All enclosures are downloaded and added to the repository, the same as if you
had manually run
git annex addurl on each of them.
git-annex will avoid downloading a file from a feed if its url has already
been stored in the repository before. So once a file is downloaded,
you can move it around, delete it,
git annex drop its content, etc,
and it will not be downloaded again by repeated runs of
git annex importfeed. Just how a podcatcher should behave. (git-annex versions
since 2015 also tracks the podcast
guid values, as metadata, to help avoid
duplication if the media file url changes; use
git annex metadata ... to inspect.)
To control the filenames used for items downloaded from a feed,
there's a --template option.
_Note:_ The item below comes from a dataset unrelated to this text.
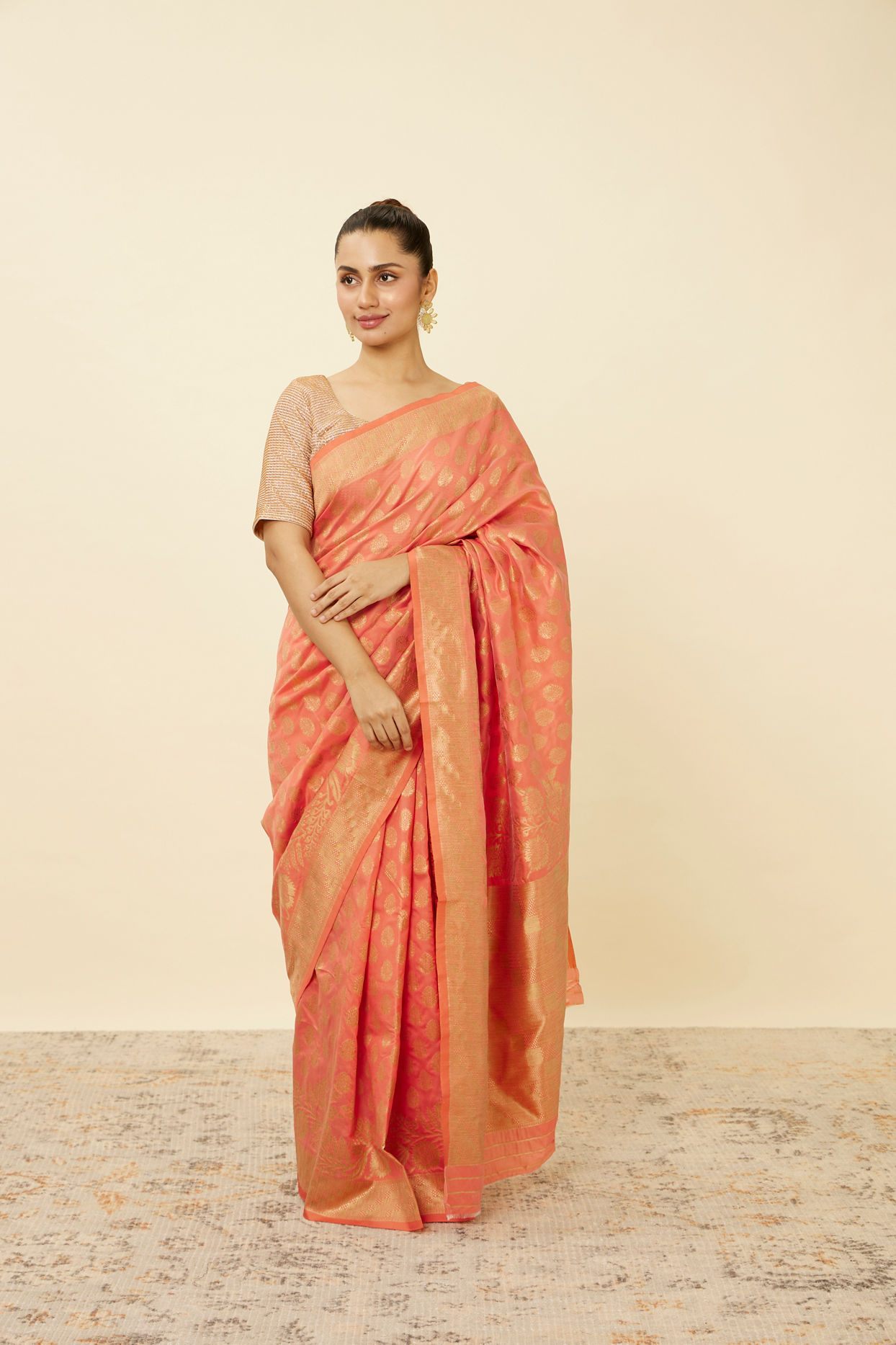 Mohey Women Coral Pink Floral Patterned Saree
The default is
Other available template variables:
feedauthor, itemauthor, itemsummary, itemdescription, itemrights, itemid, itempubdate, author, title.
To catch up on a feed without downloading its contents,
git annex importfeed --relaxed, and delete the symlinks it creates.
Next time you run
git annex addurl it will only fetch any new items.
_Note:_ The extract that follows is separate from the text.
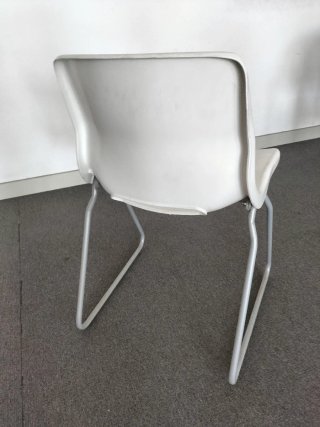 Sillas blancas modernas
To add a feed without downloading its contents right now,
git annex importfeed --fast. Then you can use
git annex get as
usual to download the content of an item.
storing the podcast list in git
You can check the list of podcast urls into git right next to the files it downloads. Just make a file named feeds and add one podcast url per line.
Then you can run git-annex on all the feeds:
xargs git-annex importfeed < feeds
recreating lost episodes
If for some reason git-annex refuses to download files you are certain are in the podcast, it is quite possible it is because they have already been downloaded. In any case, you can use
--force to redownload them:
git-annex importfeed --force http://example.com/feed
A nice benefit of using git-annex as a podcatcher is that you can
git annex importfeed on the same url in different clones
of a repository, and
git annex sync will sync it all up.
You can also have a designated machine which always fetches all podcstas to local disk and stores them. That way, you can archive podcasts with time-delayed deletion of upstream content. You can also work around slow downloads upstream by podcatching to a server with ample bandwidth or work around a slow local Internet connection by podcatching to your home server and transferring to your laptop on demand.
If your git-annex is also built with quvi support, you can also use
git annex importfeed on youtube playlists. It will automatically download
the videos linked to by the playlist.
For this you need an rss file containing links to the videos. For example, this url currently works: http://gdata.youtube.com/feeds/api/playlists/PLz8ZG1e9MPlzefklz1Gv79icjywTXycR-
As well as storing the urls for items imported from a feed, git-annex can store additional metadata, like the author, and itemdescription. This can then be looked up later, used in metadata driven views, etc.
To make all available metadata from the feed be stored:
git config annex.genmetadata true